NOTE:
50 calories for veggie/fruit
45 calories for fat
225 calories for protein
80 calories for carbs
8:00 Breakfast: 1 slice raisin bread (80 calories), 1 yogurt for protein 1 (90 calories), 2 eggs for protein 2 & 3( 140 calories) , 1/2 large orange for fruit( 45 calories) . 4 flax caps. Coffee with splenda
11:00 am Snack 2 - 100 calorie snack packs with some green tea
2:00pm Lunch: WW frozen meal with some asparagus on the side, will add some fat because I am out of flax caps. Water to drink
5pm: Dinner (swapping snack and dinner due to dinner plans tonight) My plan for dinner is that we are going to Nakatos and I usually split my meal with Keilyn so I dont' eat it all: roughly 3 oz chicken, mixed veggies, small portion of steamed rice, bowl of onion soup. The veggies will have butter on them so that will be my fat. Water to drink
8pm: 3 chocolate chip cookies with Keilyn (80 calories each)
WATER WATER WATER!!!!
Total water for the day: NOT EVEN CLOSE TO BEING ENOUGH
7:45am 1 bowl of weigh control cinnamon oatmeal, 1/2 grapefruit, 2 eggs, 4 oz milk, Coffee w/ splenda. I am having full fat/ vit D milk so I am not going to add anymore fat to my meal such as flax caps.

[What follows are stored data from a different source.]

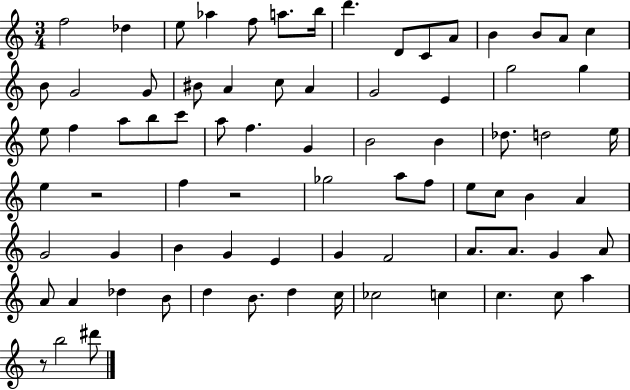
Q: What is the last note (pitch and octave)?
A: D#6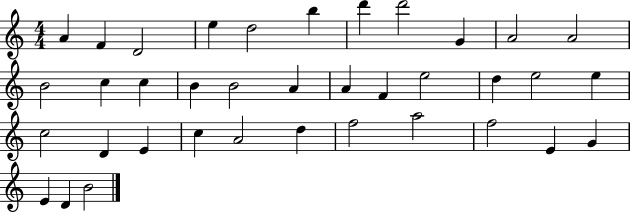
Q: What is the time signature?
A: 4/4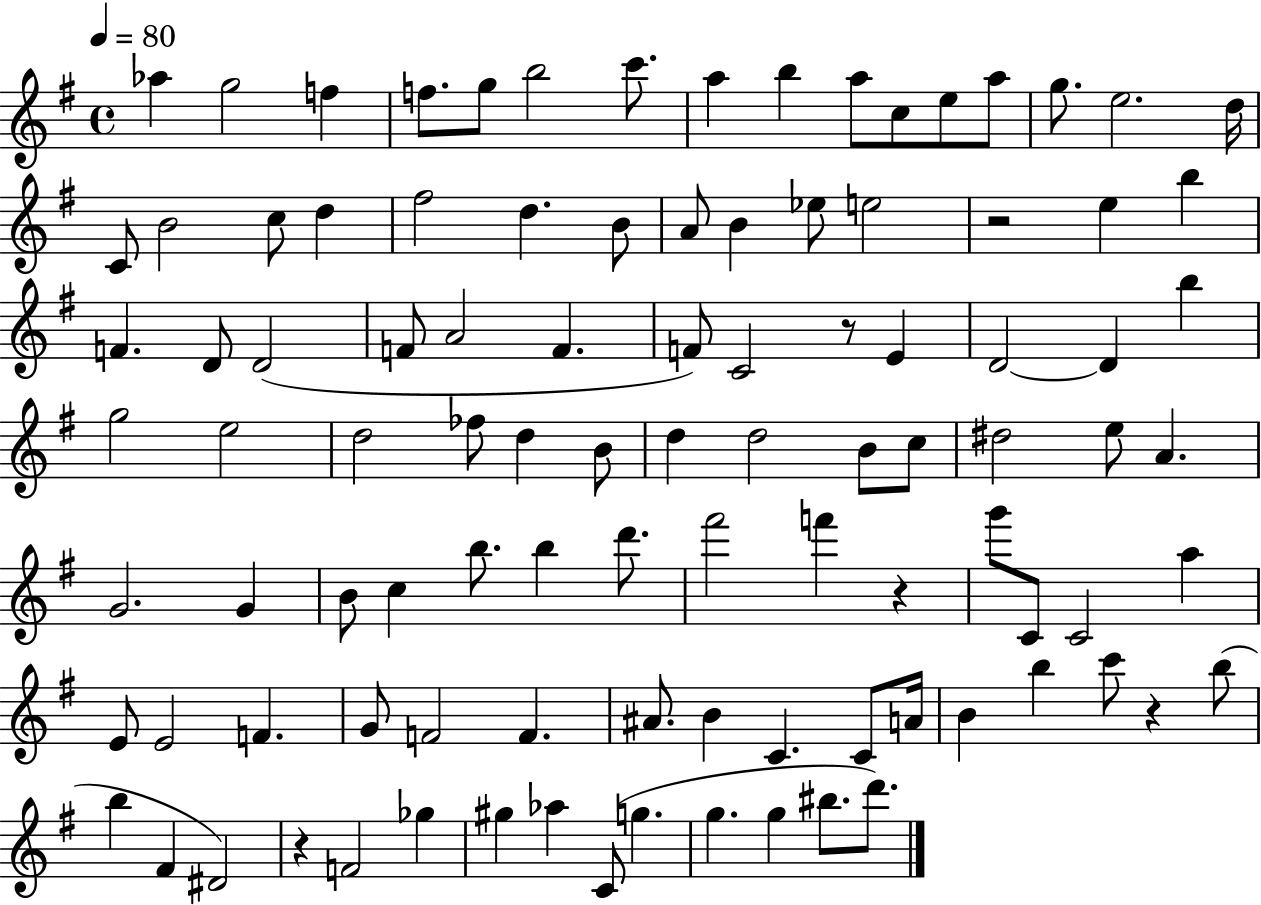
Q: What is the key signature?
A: G major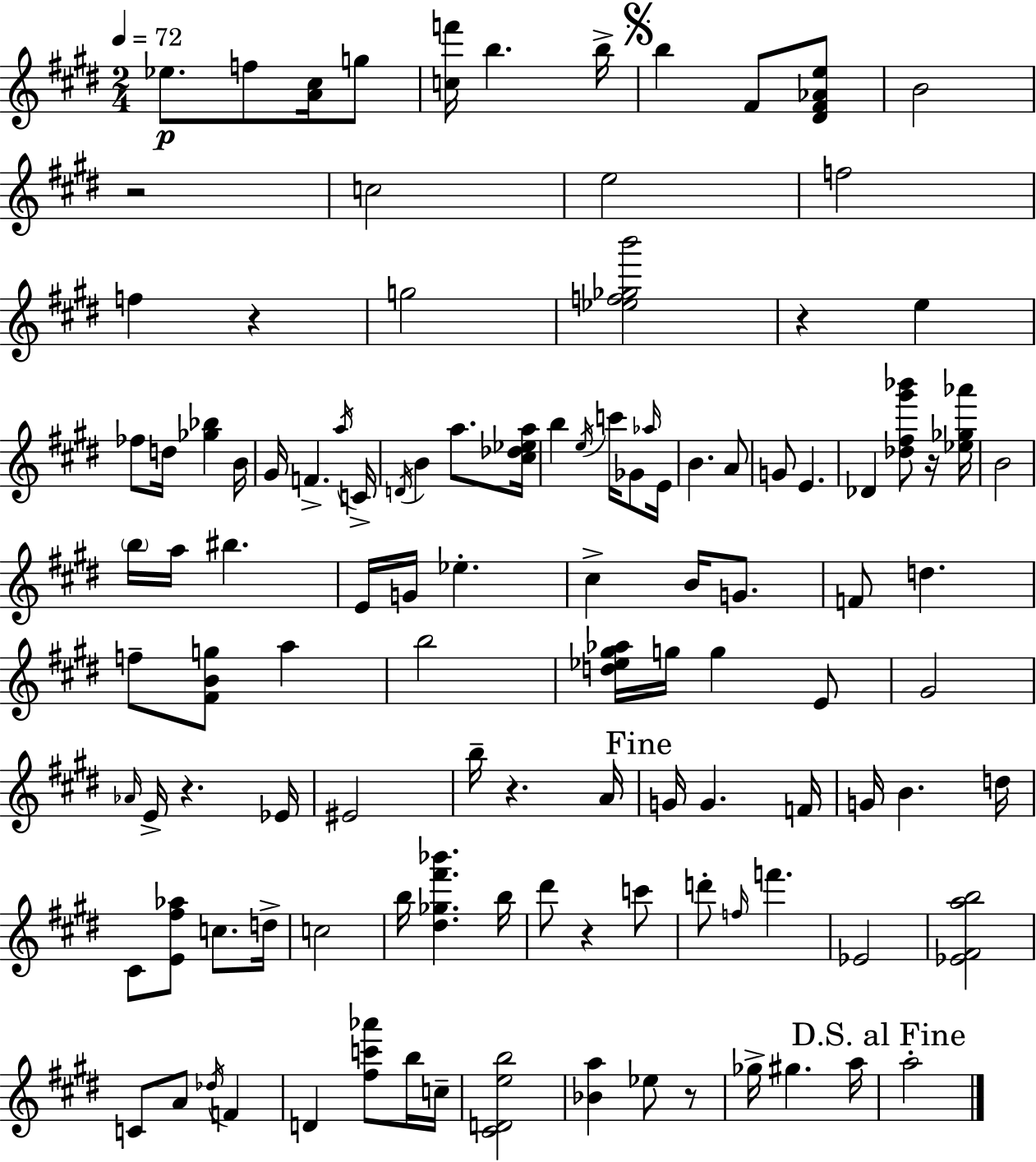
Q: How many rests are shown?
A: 8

10:451am 2- 100 calorie snack packs
1:30pm Lunch Greek chicken salad with about 1/3rd cup soup. 2 BIG cups of water!!! YEAH!!! I resisted the diet coke!!!!! I was even offerred a FREE dessert at lunch and I turned it down!

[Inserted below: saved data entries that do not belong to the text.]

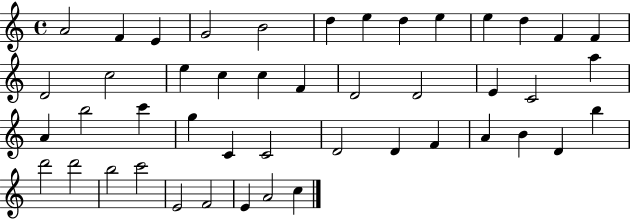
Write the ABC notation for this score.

X:1
T:Untitled
M:4/4
L:1/4
K:C
A2 F E G2 B2 d e d e e d F F D2 c2 e c c F D2 D2 E C2 a A b2 c' g C C2 D2 D F A B D b d'2 d'2 b2 c'2 E2 F2 E A2 c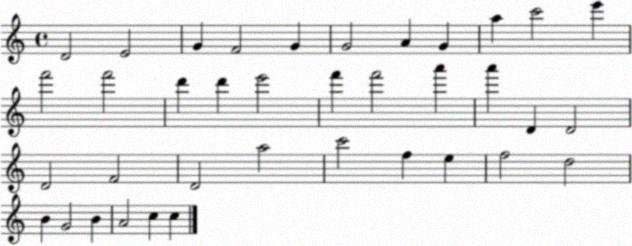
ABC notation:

X:1
T:Untitled
M:4/4
L:1/4
K:C
D2 E2 G F2 G G2 A G a c'2 e' f'2 f'2 d' d' e'2 f' f'2 a' a' D D2 D2 F2 D2 a2 c'2 f e f2 d2 B G2 B A2 c c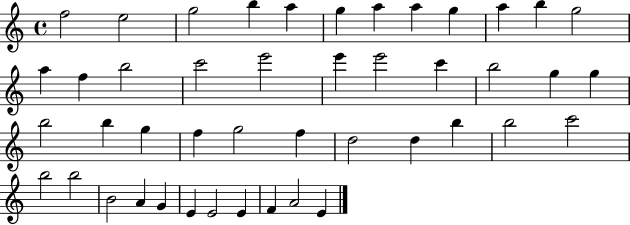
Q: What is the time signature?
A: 4/4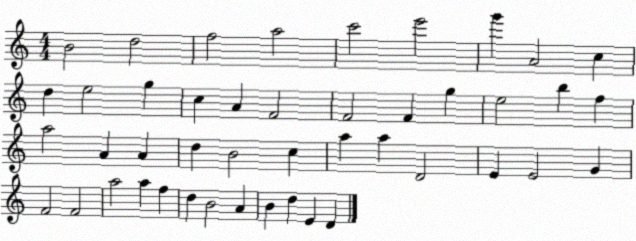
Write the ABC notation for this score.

X:1
T:Untitled
M:4/4
L:1/4
K:C
B2 d2 f2 a2 c'2 e'2 g' A2 c d e2 g c A F2 F2 F g e2 b f a2 A A d B2 c a a D2 E E2 G F2 F2 a2 a f d B2 A B d E D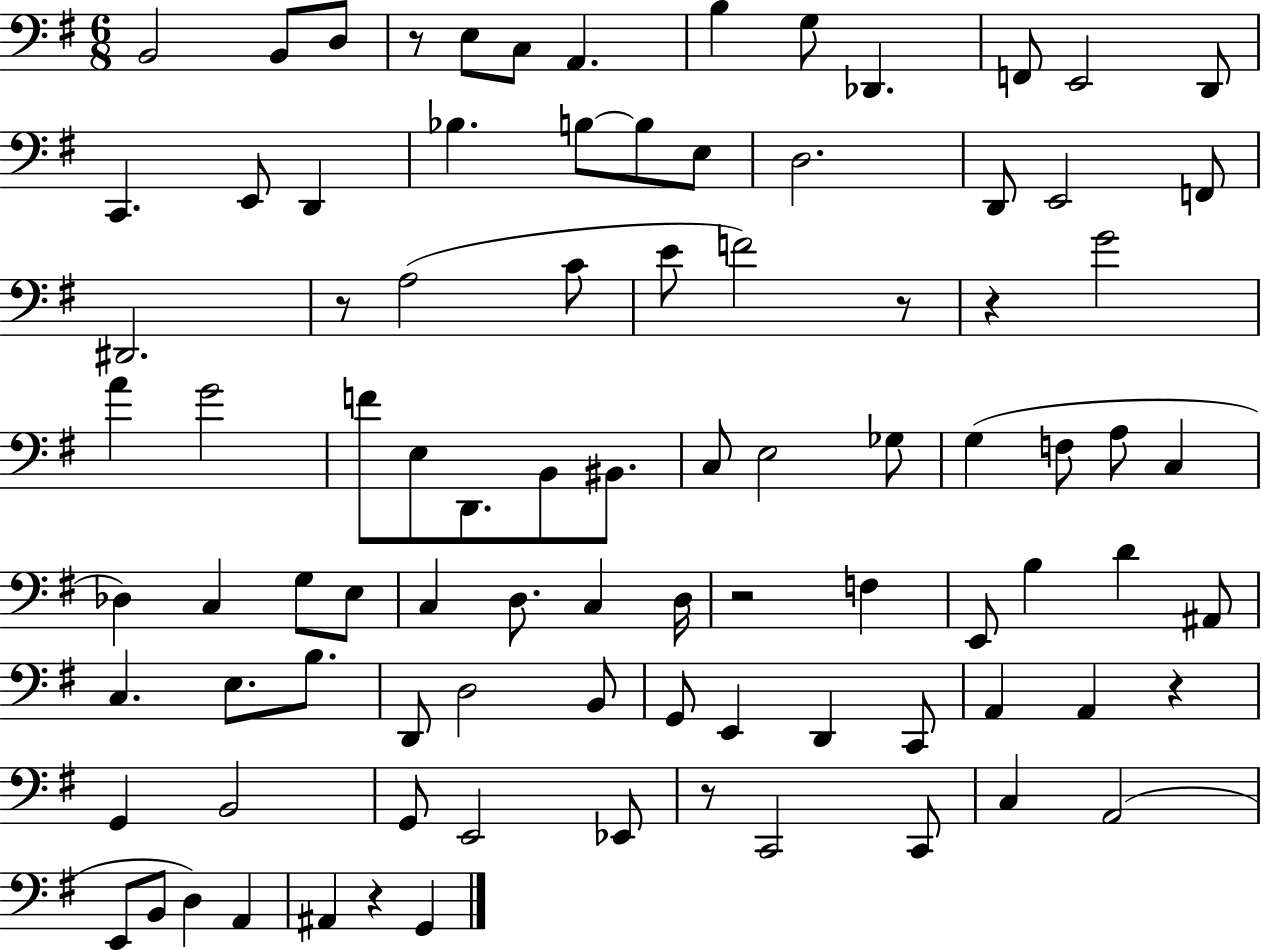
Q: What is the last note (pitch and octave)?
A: G2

4:30pm Snack 1 WW english muffin 100 calories and 1 peach yogurt 90 calories
7:30pm Dinner 2 waffles with PB
OK I REALLY need to work on getting my water in and leave those diet cokes alone!!!
Laurie: I had to restrict my sodas too! I tell myself that, once I have had 90 oz water, I can have a 12 oz soda (Coke Zero is my fave!). Believe it or not, I only have one or less a day now!
No actually I met grandma that day and we went to a deli and I had a greek salad with no cheese and they add chicken for a greek chicken salad. I ask for the dressing on the side so I can put my own amount on there. It was really good!